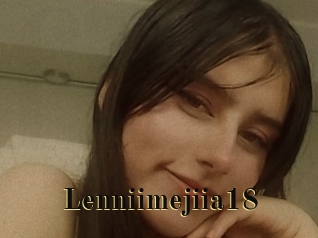 Lenniimejiia18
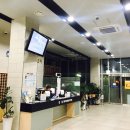 마포구민체육센터 화장실 이미지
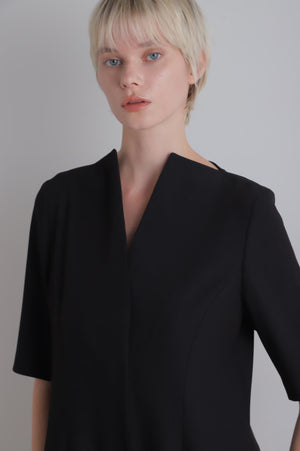 cd09e117-783d-58f3-bae1-0e9eafb09082_Image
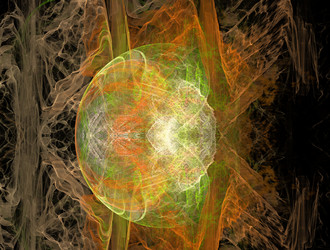 Similar image 21636903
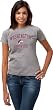 Washington Huskies Women's Perennial T-Shirt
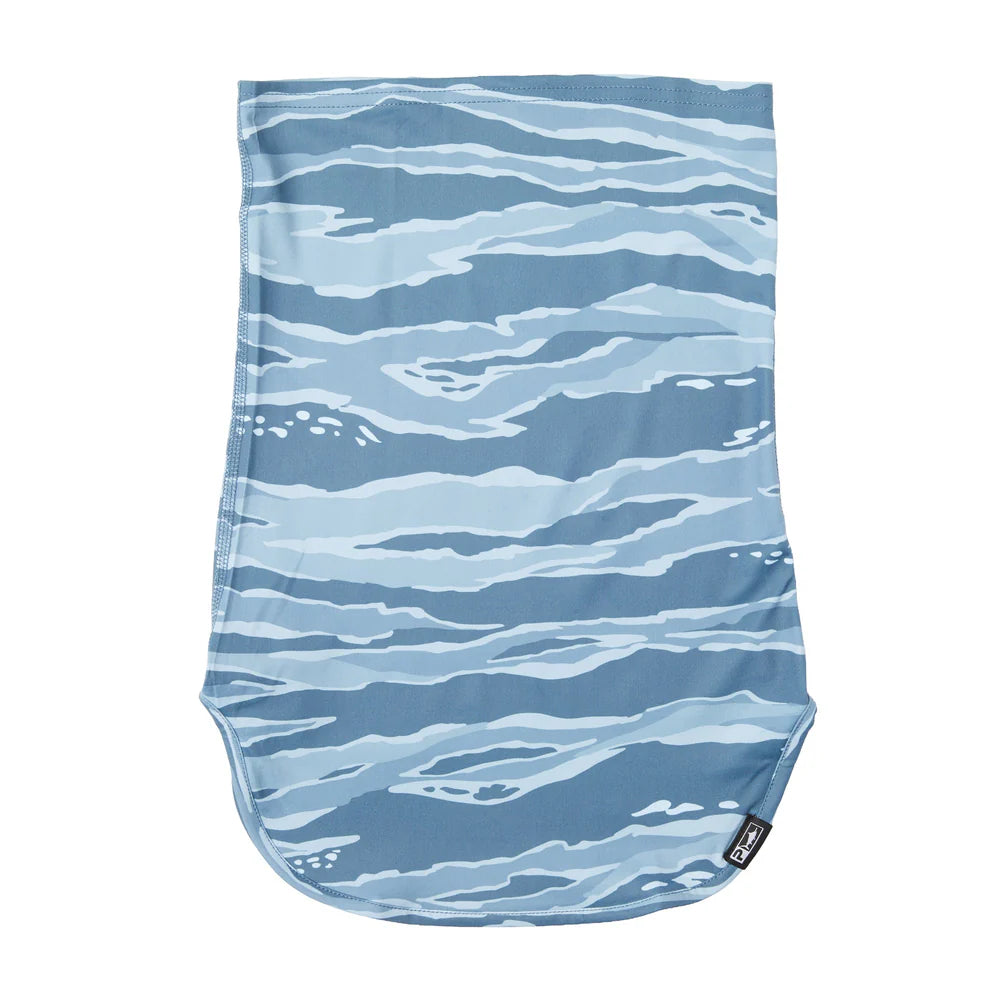 Pelagic - Sunshield
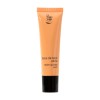 Prebase Melocotón 30ml Peggy Sage Prebase Melocotón 30ml Peggy Sage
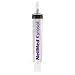 SQUIP NeilMed Kyrosol All-Natural Earwax Removal Aid, Original Version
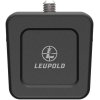 Leupold Window Mount Clamp Bilvindue Montering Til Kikkert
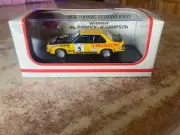 1/64 BIANTE 1975 BATHURST WINNER HOLDEN LH TORANA L34 No5 BROCK/SAMPSON B642202D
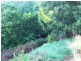 22 Dowling Drive, Burnie TAS 7320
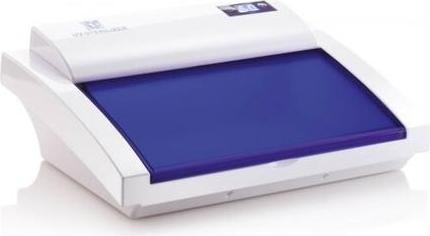 Actual product image XanitaliaPro Steril Pro UV Sterilizer for Beauty Salons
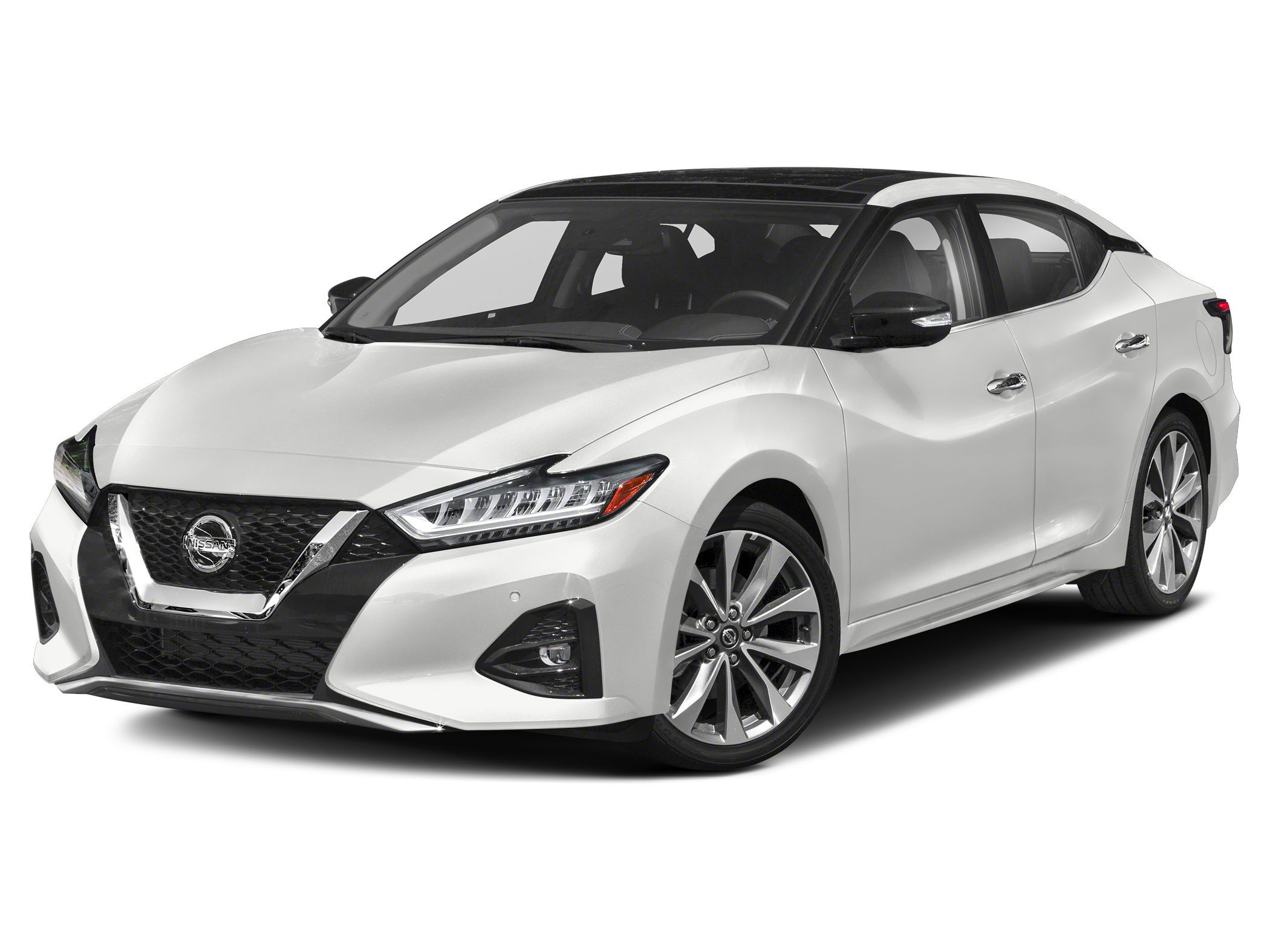 nissan maxima 2022 1N4AA6FVXNC508754 image nissan maxima 2022 1N4AA6FVXNC508754 image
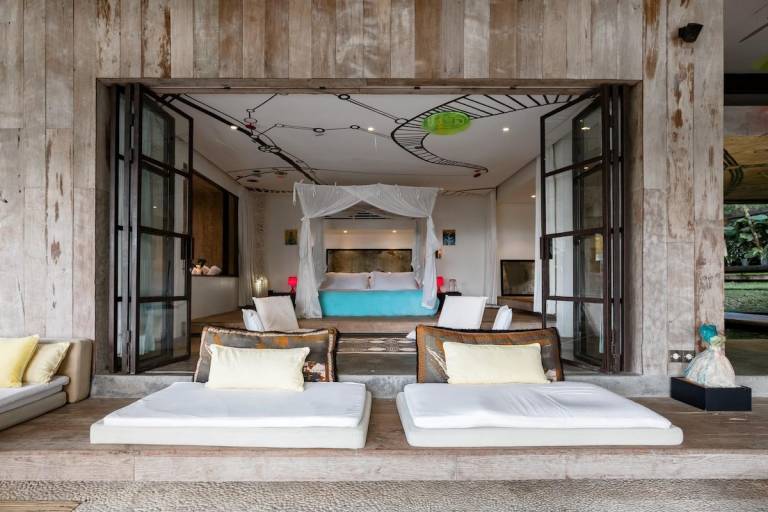 Nice villa | Pets are welcome — photo 5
- - - - -
Give again, word for word, only the lines from the one with "nissan maxima 2022 1N4AA6FVXNC508754 image nissan" through the last line of the entries, both included; no pictures go in the copy.

**ANSWER TO THIS PROBLEM**
 nissan maxima 2022 1N4AA6FVXNC508754 image nissan maxima 2022 1N4AA6FVXNC508754 image
 Nice villa | Pets are welcome — photo 5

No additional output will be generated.